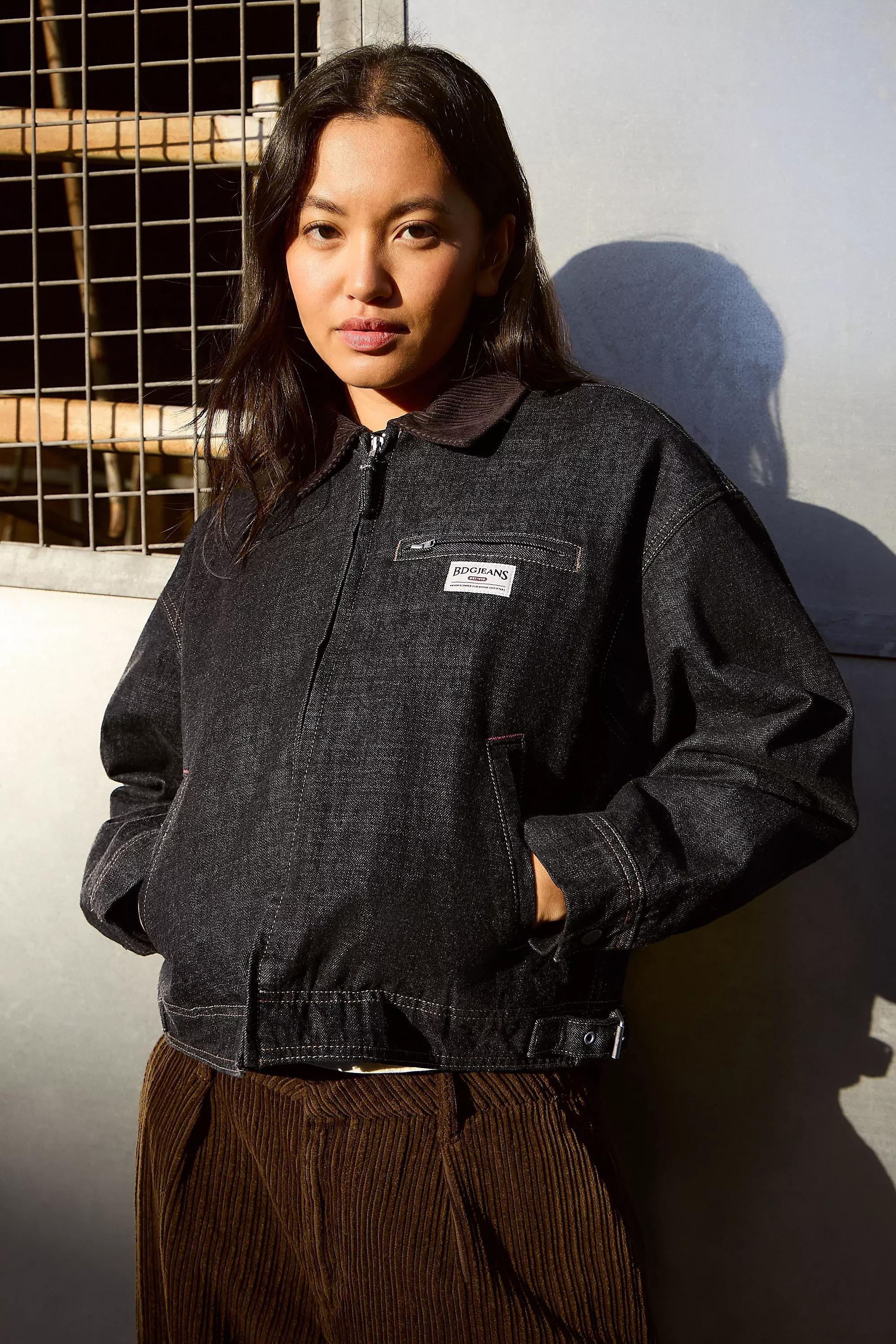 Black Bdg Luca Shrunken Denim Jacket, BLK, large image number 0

════════════════════

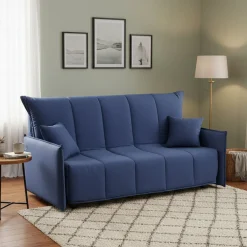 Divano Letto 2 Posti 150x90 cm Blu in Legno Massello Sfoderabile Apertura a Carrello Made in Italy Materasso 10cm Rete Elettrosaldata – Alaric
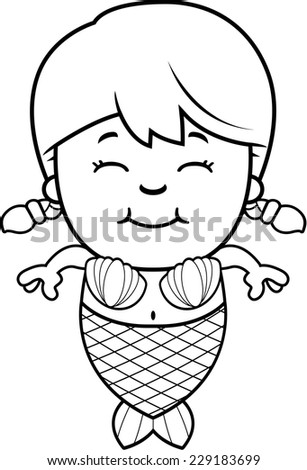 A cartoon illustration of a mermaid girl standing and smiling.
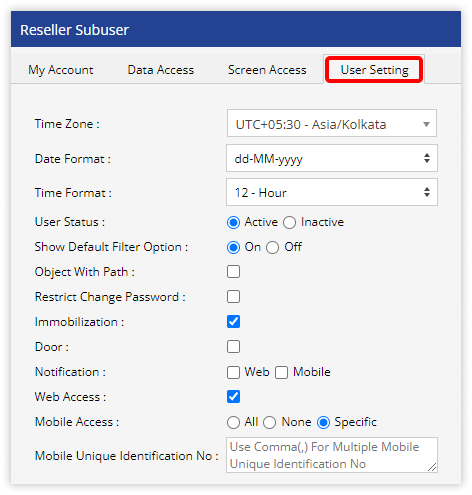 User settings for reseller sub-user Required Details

════════════════════

| TASK REQUIREMENTS |
Leaving all pictures out, output exactly the lines of the material above from the line with "A cartoon illustration" to the line with "User settings for", both included.

| SOLUTION |
 A cartoon illustration of a mermaid girl standing and smiling.
 User settings for reseller sub-user Required Details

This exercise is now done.